Actuellement, la règle de la substitution simultanée empêche les Canadiens de voir les publicités américaines du Super Bowl sur le réseau américain (ex.: Fox en 2017), ces publicités étant remplacées par celles du réseau canadien CTV. Quand la substitution simultanée sera interdite au Super Bowl à partir de février 2017, les cotes d'écoute - et, du même coup, les revenus publicitaires - de Bell Média risquent de chuter. Bell Média avait négocié ses droits de diffusion avec la NFL en pensant qu'elle pourrait compter sur la substitution simultanée.

Dimanche dernier, une publicité de 30 secondes coûtait environ 165 000$ à CTV et 10 000$ à RDS. Il y a environ 50 minutes de publicités durant le match. Selon nos calculs, CTV peut donc espérer des revenus jusqu'à 16,5 millions pour la durée du match et RDS, 1 million. Advenant le scénario (exagéré, mais tout de même) où tout l'auditoire de CTV et RDS regarderait le match à la télé américaine (ex.: Fox en 2017), Bell Média perdrait 17,5 millions par Super Bowl. En vertu de son entente actuelle, Bell Média détiendrait les droits du Super Bowl jusqu'au février 2020, ce qui signifie que ses pertes pourraient être au maximum de 70 millions de dollars sur quatre ans, advenant le scénario le plus pessimiste.
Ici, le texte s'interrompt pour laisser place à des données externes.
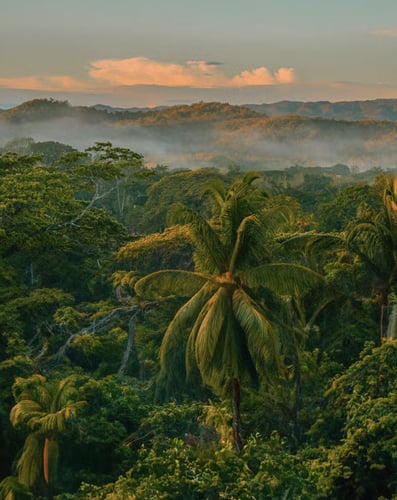 The Beckley Retreat: a trip of a lifetime?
L'entreprise n'a pas voulu commenter ces chiffres hier.

Bell trouve toutefois «regrettable» la décision du CRTC et demande à l'organisme réglementaire «de faire face de façon réaliste aux effets que cette décision aura sur l'ensemble de l'industrie des communications», a indiqué Olivier Racette, porte-parole de Bell Média, par courriel.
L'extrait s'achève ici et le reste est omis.